The Redskins high-profile case brought attention to this unchecked power. Now it's time to rein it in.

There are two primary reasons for giving businesses the exclusive use of their name and logo: to protect consumers from being deceived by copycat producers and to protect the value of a business' good name. Government also has a legitimate interest in scrutinizing trademarks to make sure businesses don't use them to make false claims about their wares. But passing judgment on aesthetics and propriety shouldn't be on the list. The First Amendment protects offensive, demeaning speech, even if used by a business. And the marketplace is incentive enough for most businesses to avoid adopting racial slurs as a name.

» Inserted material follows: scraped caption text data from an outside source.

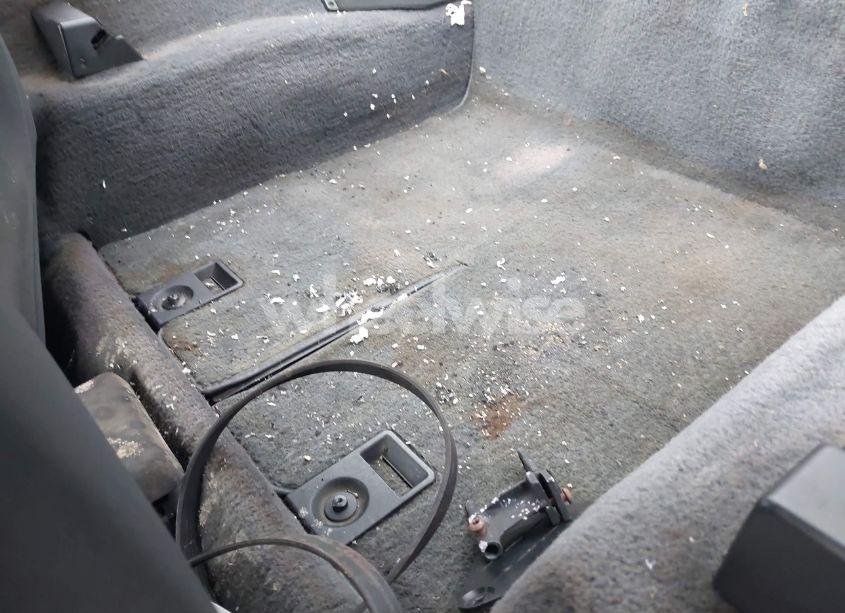 Photo 12 of 1984 Chevrolet Corvette (VIN 1G1AY0785E5120226)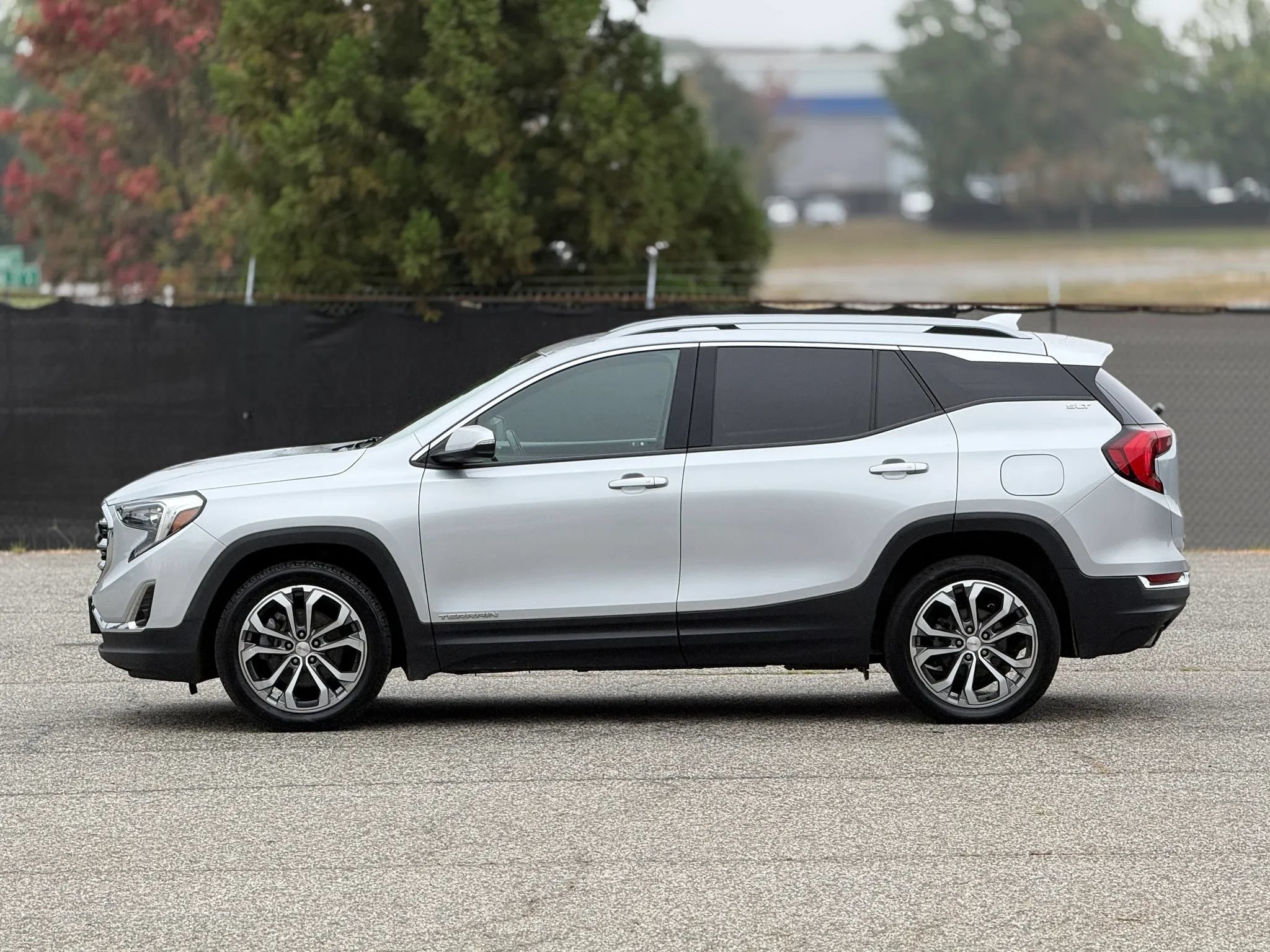Used 2020 GMC Terrain SLT w/ Preferred Package FWD image 8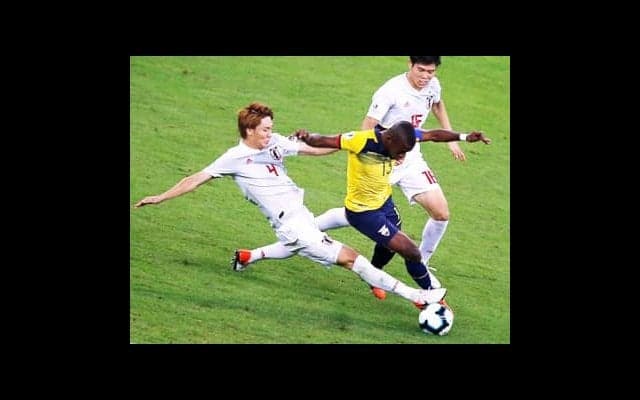 板倉滉がボランチ柴崎岳のすごさを実感。「ああいうふうになりたい」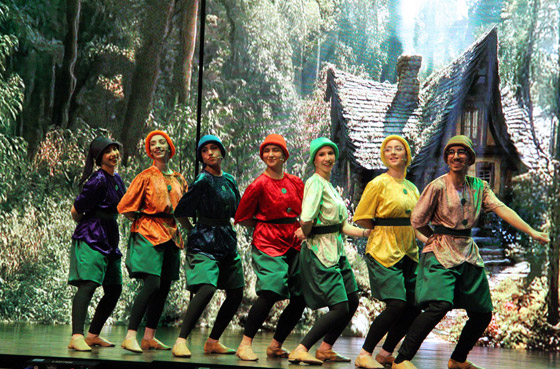 المسرحية الاستعراضية الرائعة (ثلجية) تعود إلى حيفا بعد ان لامست القلوب وأبهرت الجمهور صورة رقم 6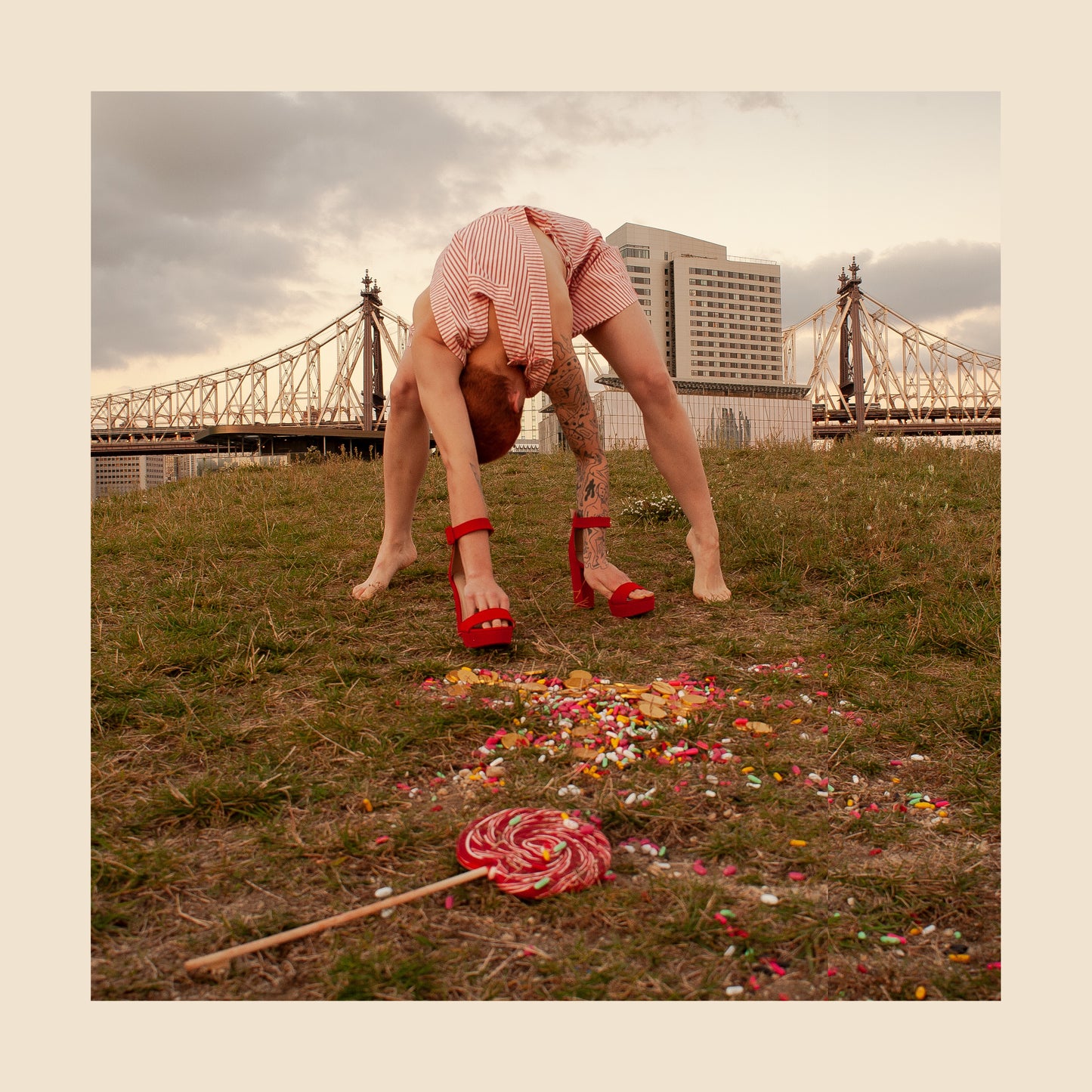 Flossing - World of Mirth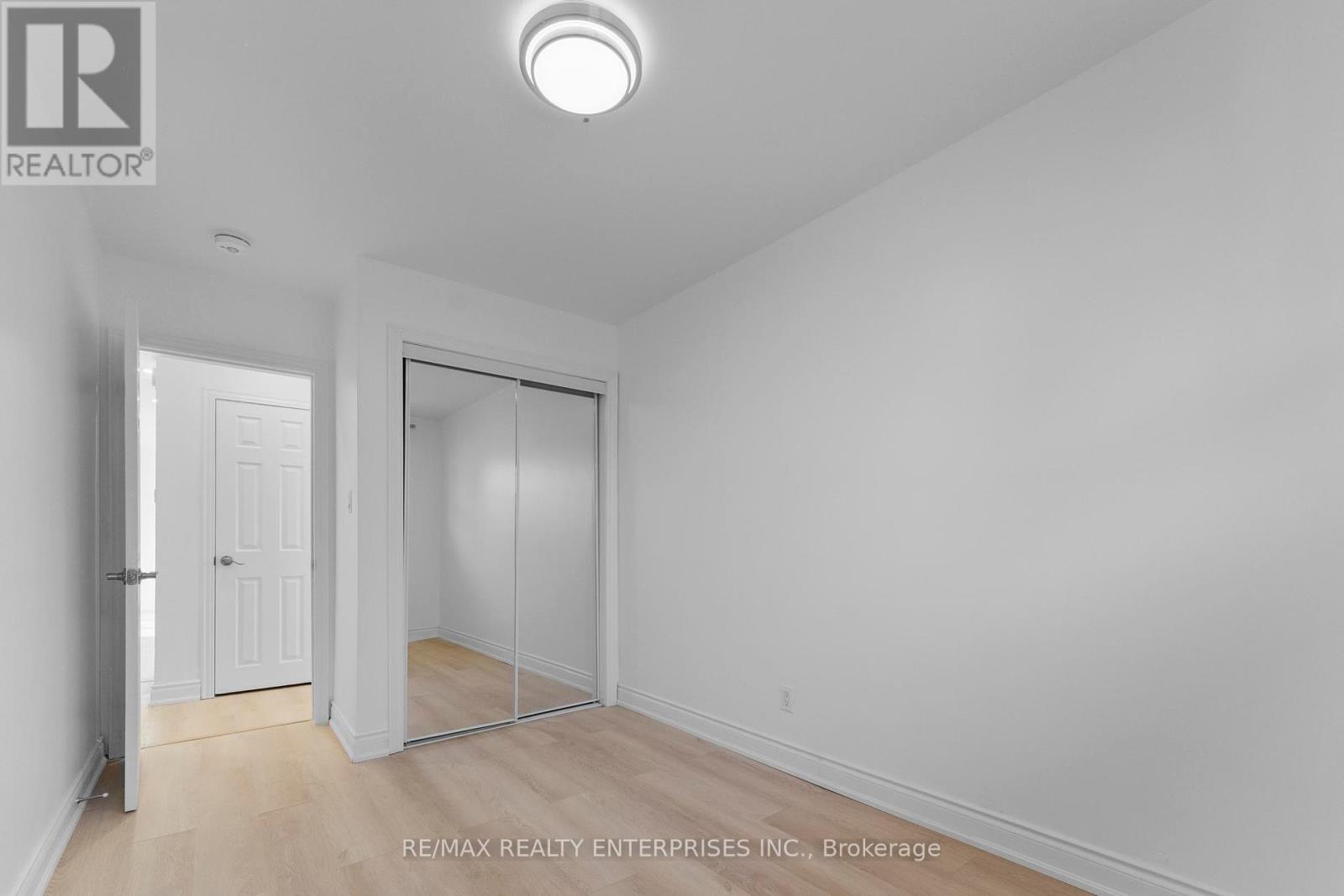 Photo 21 of 60 Wakelin Terrace, St Catharines ON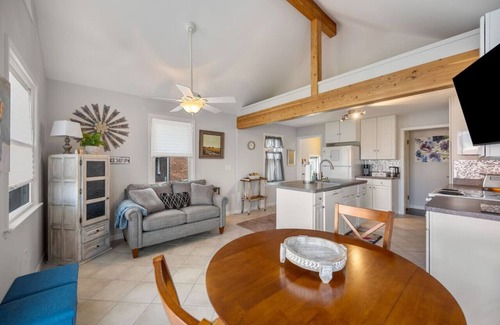 Waterford House | 2 Bed with a view of Sylvan Lake
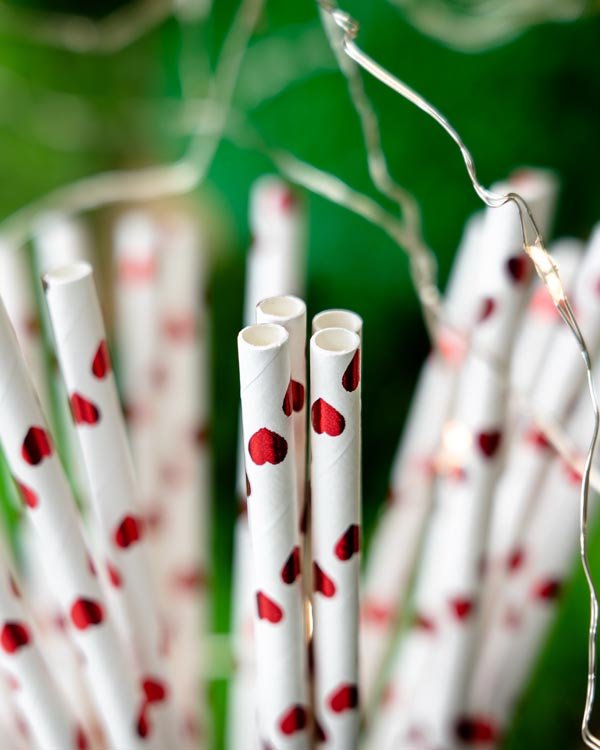 Papierstrohhalme Glänzende rote Herzen 250 Stück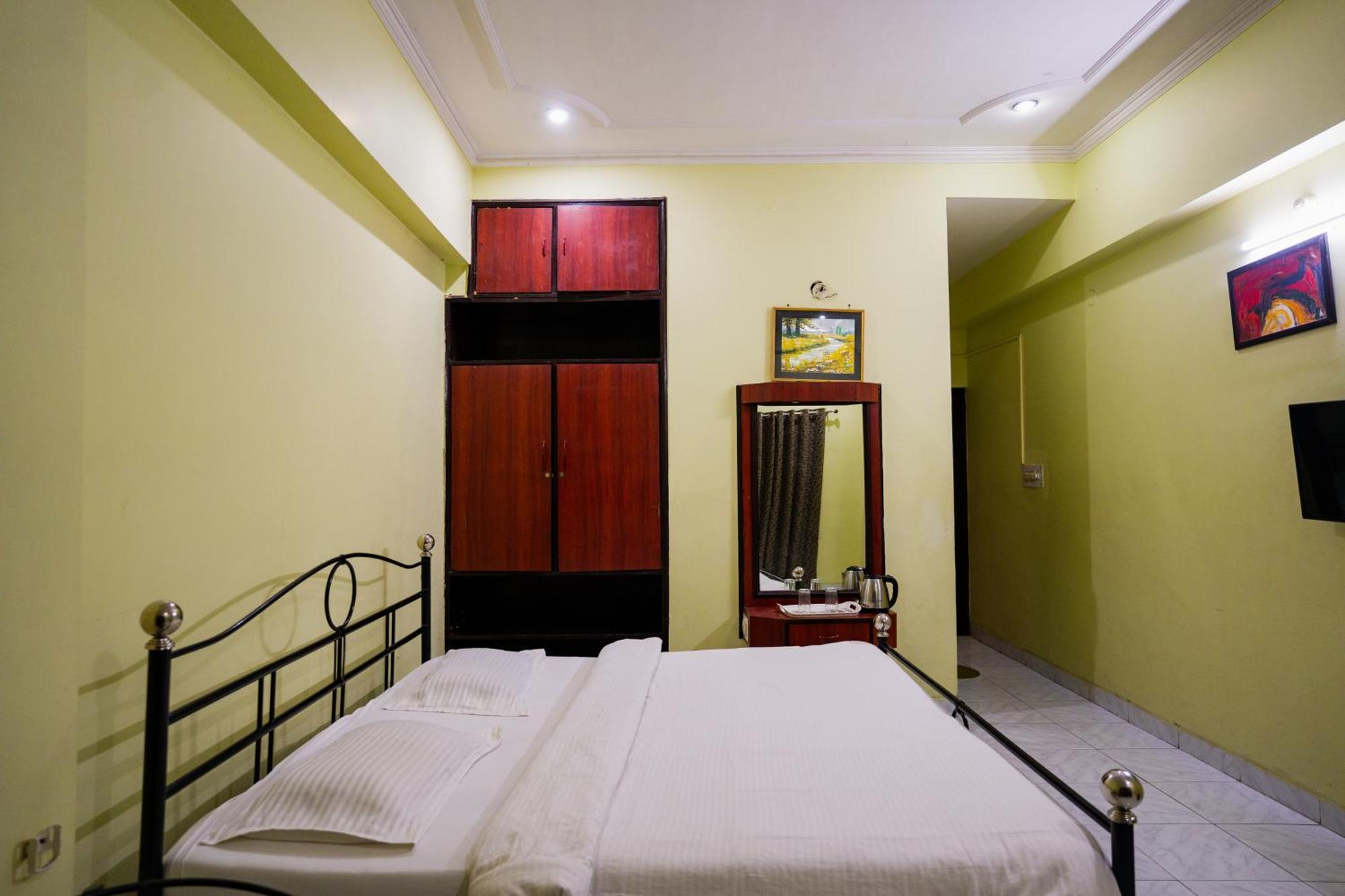 Guest house Girdhar Mahal Indore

I certainly understand why Congress -- a body that has always been overprotective of the adults it governs -- injected a decorum test into trademark law, but the Constitution demands it be removed like a bad mole.

The law draws the trademark office into making from-the-hip, indefensible value judgments with sometimes laughable results:

In the past, a trademark request for women's underwear named "Queen Mary" was denied since the association of the two was considered demeaning. A bra called "Bubby Trap" was also rejected because the name offended public propriety. However, "Libido" perfume qualified for a trademark in light of the kind of sexualized advertising typical for fragrances. Also approved was a trademark for "Moonies," a doll which dropped its pants. The panel thought the name would be perceived as referring to the doll's "moons" and not members of the Unification Church. Old Glory Condom Corp.'s trademark was also given the green light, since, in the panel's opinion, the product's depiction of the American flag on each condom was used to promote safe sex as a form of patriotism and not to bring the flag into disrepute.

Is this really the way we want government to spend its time?

The Redskins' hearing to determine whether the team name was disparaging to Native Americans included expert testimony by competing linguists, opinion polling that came to opposite conclusions and 12,000 pages of documents. The proceedings lasted for years -- a profligate waste of resources over a question the government has no business answering.

Last month the Redskins' appeal was heard in federal district court. The team is asserting that the Lanham Act is constitutionally invalid, which, of course, it is.

The Harjo case should go down in history, not as the case that gave Native Americans a win at Wounded Pride, but as the case that ended the government's ability to ever join such a battle again.